Eklat um abgesagtes Treffen Sigmar Gabriel legt im Streit mit Netanjahu nach

Berlin/Jerusalem · Kurz vor dem Israel-Besuch von Bundespräsident Steinmeier hat Außenminister Gabriel den israelischen Ministerpräsidenten Netanjahu kritisiert. "Unter Demokraten stellt man sich keine Ultimaten", sagte Gabriel und verteidigte sein umstrittenes Treffen mit regierungskritischen Gruppen.

 Außenminister Sigmar Gabriel (Archiv).

Außenminister Sigmar Gabriel (Archiv).

Foto: dpa, bvj vge hjb

"Unter Demokraten muss es möglich sein, sich auch mit regierungskritischen Organisationen zu treffen", sagte Gabriel der "Bild"-Zeitung. Er würde wieder genauso handeln. Der deutsche Außenminister hatte während seines Israel-Besuchs mit Vertretern der Organisationen Breaking the Silence und B'Tselem gesprochen. Ministerpräsident Benjamin Netanjahu sagte daraufhin ein Treffen mit Gabriel ab und warf ihm Instinktlosigkeit vor. Breaking the Silence und B'Tselem stehen Israels Vorgehen im Westjordanland kritisch gegenüber.

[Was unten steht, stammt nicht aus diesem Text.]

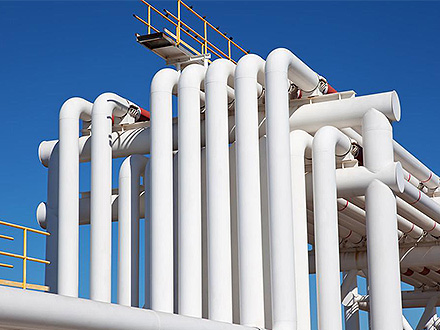 PG电子下载企业风采三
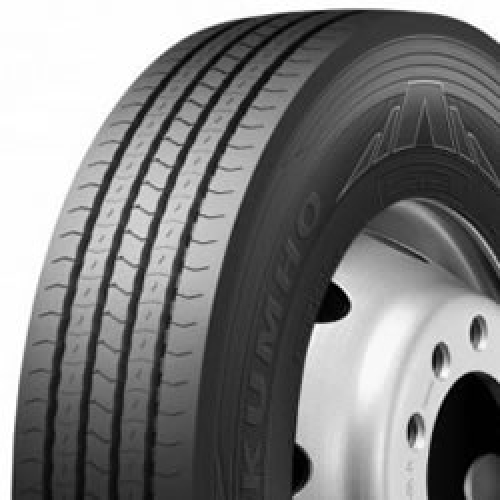 KUMHO KXS10 315/70 R22.5 154/150L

"Unter Demokraten stellt man sich keine Ultimaten", sagte Gabriel weiter. "Der israelische Premierminister wollte mich dazu zwingen, ein Treffen mit unbescholtenen israelischen Bürgern abzusagen, weil diese seiner Politik gegenüber den Palästinensern kritisch gegenüber stehen. Nicht nur aus unserer Sicht verstößt die israelische Siedlungspolitik gegen das Völkerrecht und ist ein Hindernis für den Friedensprozess, diese Politik der Regierung Netanjahu ist auch in Israel hoch umstritten. Da ist es für mich selbstverständlich, auch die Kritiker zu hören."

Auf die bevorstehende Israel-Reise von Bundespräsident Frank-Walter Steinmeier angesprochen, sagte Gabriel: "Der Bundespräsident ist in einer ganz anderen Rolle als ich. Ich habe keinen Zweifel, dass der Bundespräsident die richtigen Worte finden wird, um die Situation zu beruhigen."

Mehr als 20 bekannte Israelis hatten sich inständig bei Deutschland bedankt, weil es der Zivilgesellschaft in ihrem Land beistehe. In ihrem an Bundeskanzlerin Angela Merkel (CDU) und Gabriel gerichteten Brief hieß es: "Wir sind eine Gruppe von Israelis, die tief besorgt über die Zukunft unseres Landes sind." Professor David Harel, Vize-Präsident der Israelischen Akademie der Wissenschaften, bestätigte der Deutschen Presse-Agentur, das Schreiben sei dem deutschen Botschafter übermittelt worden. Unter den Unterzeichnern sind einflussreiche israelische Wissenschaftler, Künstler, Politiker und Diplomaten.

Man sei "zutiefst dankbar" für Gabriels Verhalten bei dessen jüngstem Besuch in Israel, sagte Harel, Träger des Israel-Preises (2004), der höchsten Auszeichnung des Landes. Gabriel hatte sich mit Vertretern der Gruppen Breaking the Silence (Das Schweigen brechen) und B'Tselem getroffen. Beide kritisieren Israels Siedlungspolitik in den besetzten Palästinensergebieten. Daraufhin hatte Netanjahu ein geplantes Treffen mit Gabriel abgesagt. Merkel stärkte Gabriel nach dem Eklat den Rücken.

"Wir begehen mit großer Trauer den bevorstehenden 50. Jahrestag der Besatzung", hieß es in dem Brief. "Im vergangenen halben Jahrhundert hat unser geliebtes Land Millionen von Palästinensern grundlegende Freiheiten und Rechte verweigert und Siedlungen gebaut, die jeglicher Lösung dieses Konflikts im Wege stehen." Zivilgesellschaftliche Aktivitäten wie jene der Gruppen Breaking the Silence, B'Tselem und Peace Now seien "ein Zeichen der Hoffnung inmitten der Verzweiflung".

Unterzeichnet haben 23 bekannte Israelis, unter anderem Ilan Baruch, Israels früherer Botschafter in Südafrika, Michael Ben Jair, der ehemalige Generalstaatsanwalt, Avraham Burg, früherer Parlamentspräsident, die Soziologin Eva Illouz, der Bildhauer Dani Karavan und der Dramatiker Joshua Sobol.